VP Taylor on girls’ education

Vice President and Founder of the Jewel Starfish Foundation, Madam Jewel Howard-Taylor, over the weekend identified with beneficiaries of the Foundation in Margibi and Grand Bassa Counties.

In establishing the Foundation, VP Taylor saw it to be about belief and opportunity, an undertaking that is now unleashing the potential of over 1000-thousand adolescent girls living in poverty across the country, so that they can lift themselves and those around them out of poverty.

The Foundation seeks to keep girls in school, helping them develop career paths providing mentorship program and implementing training programs (with a training-of-trainer component) for women leaders with the objective of creating diverse networks and building the needed technical and professional skills.

Speaking Saturday, July 20, 2019, when she separately engaged gatherings of the beneficiaries, Madam Taylor said many families in Liberia still do not recognize the importance of “girl child education,” especially in low-income areas where school fees are difficult to afford.

She explained that oftentimes when parents cannot afford school fees, they give male children priority over the girls to attend school.
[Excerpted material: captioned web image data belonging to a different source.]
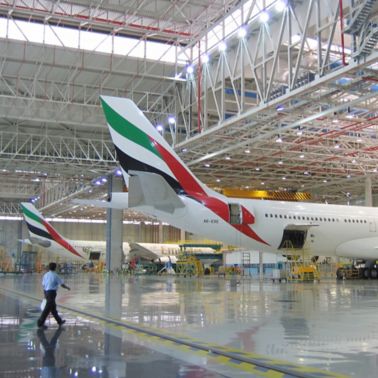 Dubai International Airport Emirates hangar with planes and man walking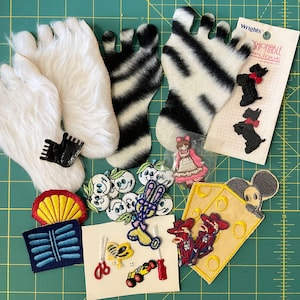 May include: A collection of assorted fabric appliques including two white faux fur feet, two zebra-striped feet, a Wrights brand card with two black dog patches, a yellow cheese wedge with a mouse, and various small embroidered motifs like flowers and tools.
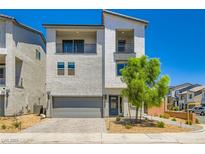 Modern two-story home with a gray color scheme, a two-car garage, and minimal landscaping at 5804 Gossamer Stone Ct, Las Vegas, NV 89141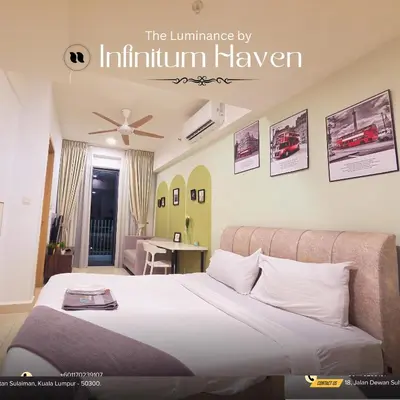a bedroom with a bed and a room with at The Luminance By Infinitum Haven KLCC in Kuala Lumpur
This anomaly, she noted, moved her Foundation to undertake the task of supporting and empowering young girls across the country.

“The Jewel Starfish Foundation is a not-for-profit organization that is creating a ‘new normal’ for girls – helping create champions of a world in which girls can reach their full potential and the intergenerational cycle of poverty can be broken”,VP Howard-Taylor inspired the gathering of young girls.
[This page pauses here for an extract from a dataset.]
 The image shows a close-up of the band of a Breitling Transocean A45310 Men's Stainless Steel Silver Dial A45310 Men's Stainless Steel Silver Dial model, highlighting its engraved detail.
VP Howard-Taylor furthered indicated that “When a girl has self-belief and is supported by her family and community; when she’s empowered with skills, ideas and knowledge; when she has access to services, role models and other girls: when she is visible and vocal – she can demand to stay in school, to get healthcare, and to get married and have children when she chooses.”

The Foundation is targeting and paying the tuition of over 1000-thousand adolescent girls in grades seven to twelve in public and private schools across the fifteen political subdivisions who maintain the minimum grade average of 75%.